Riding on the narrative coattails of adapted series Little Fires Everywhere and Big Little Lies (the latter of which was also created by David E. Kelley), The Undoing follows an affluent, dysfunctional family as they face accusations in the wake of a shocking tragedy. It’s unrelatable and unrealistic, and unlike the two aforementioned series, which address real issues despite their economic pedestals, this one doesn’t seem particularly interested in examining its privileged perspective.
Nicole Kidman (another Big Little Lies vet) stars as Grace Fraser, an in-demand couples therapist in New York who has a habit of telling her patients that their predicaments are their own fault. Grace’s husband, Jonathan (Hugh Grant), is a beloved children’s oncologist, while their son, Henry (Noah Jupe), attends the prestigious Reardon school. Altogether, they’re an ideal yet uninteresting portrait of glossy success. That is until a gruesome murder threatens to tear their picture-perfect life to pieces.

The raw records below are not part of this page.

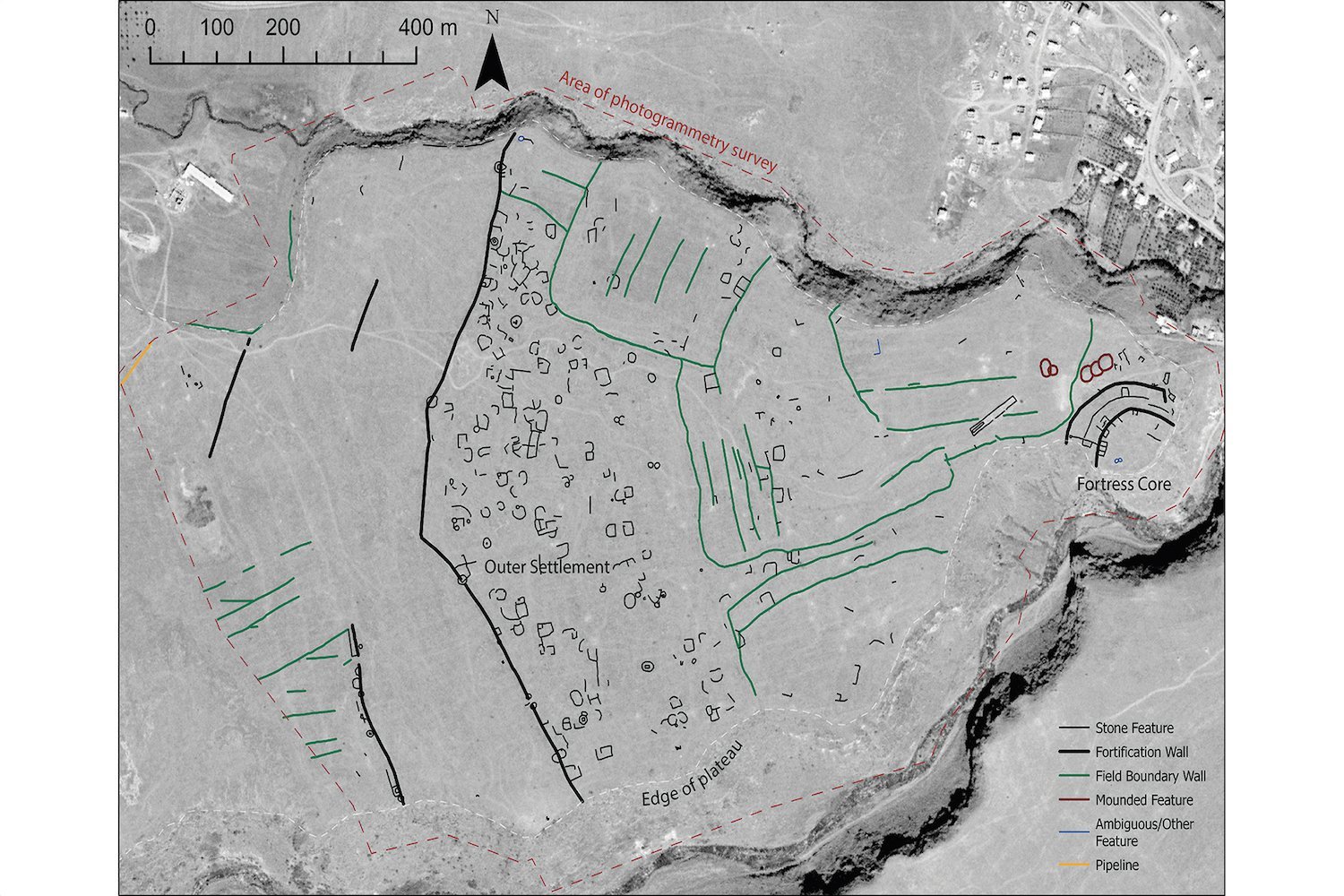 Archaeologists discover 3000-year-old ‘Mega-Fortress’ 40 times bigger than expected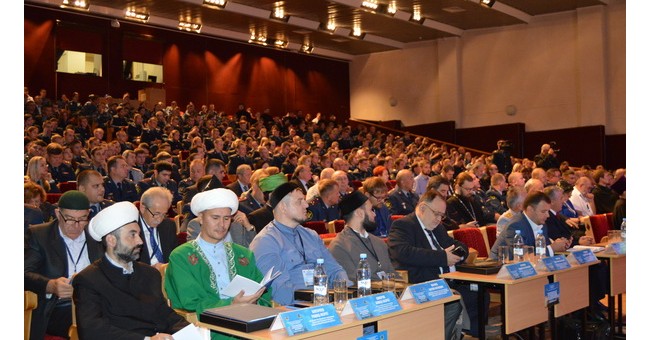 Рязань. Международная научно-практическая конференция по взаимодействию с государственной системой исполнения наказаний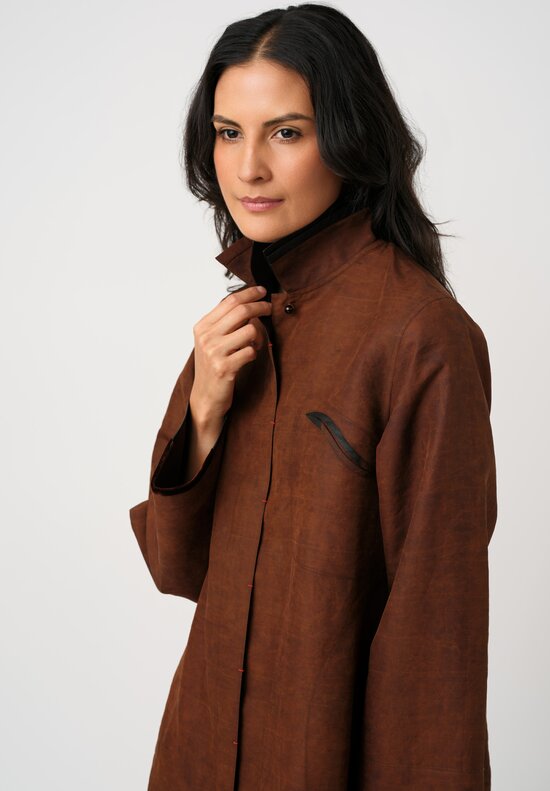Sophie Hong Mud Silk Coat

While The Undoing strings together just enough surprises to keep viewers interested episode-to-episode, its writing and direction are both muddled, making for an occasionally unpleasant viewing experience. Susanne Bier (Bird Box) directs every episode, and she punctuates moments of intensity with oddly heavy-handed cinematic tactics, including sudden close-ups, slow motion, flashbacks, and audio overlap. Rather than invoking the intended emotion, these unsubtle camera tricks take viewers out of the story and make serious moments unintentionally funny.
Kelley’s scripts vary wildly in quality. While earlier episodes have major lulls in pacing, the courtroom-set fifth episode is genuinely engrossing, hopefully leading into a finale that will surprise fans of the book (only the first five episodes were made available to press). The entire series is consistent in its lack of realism, though, as nearly every major character at one point or another makes a decision that goes against all reason. If you want a show that’ll make you yell at your TV screen in bafflement, The Undoing is for you.
The series has one thing going for it: a stacked cast. Donald Sutherland plays Grace’s father, and it’s a pleasure to see him on-screen even if the writing rarely matches his inimitable presence. Talented young Jupe is also always a welcome addition to any ensemble, and Matilda De Angelis is appropriately entrancing as the character at the center of the mystery.
As headliners, though, Kidman and Grant lack the chemistry needed to play a couple who are drawn together as often as they’re pulled apart. Grant’s character, in particular, is written with a charming likability that the actor — oddly, as his picture may as well appear in the dictionary next to the entries for “charming” and “likable” — for once doesn’t bring to the table.
The Undoing leaves clues to a more interesting version of the series scattered through it like breadcrumbs. The HBO trailer would lead you to believe that the series is an interrogation of income inequality, ending with an assertion from lawyer Hayley (Noma Dumezweni) that “they think they can get away with it because they’re rich.”
If the series is an attempted critique of capitalism, though, it’s slow to get started. At one point, Henry watches news commentary that rightfully calls his family’s situation a case of white privilege. Another time, he sees a Black family tearfully embrace before the younger member, a prisoner, is led away. Without any connective tissue, these potentially meaningful observations about the biases of mass incarceration are little more than a glimpse into the more impactful series that could have been.
At this point, the market is well-flooded with books and shows that follow rich, white American women through murder cases and other mysterious crimes. The narratives, often already thin to begin with, lose substance each time they’re re-told. The Undoing makes a good case, just not the one it thinks it does. It’s a convincing argument that it’s past time to tell a different story.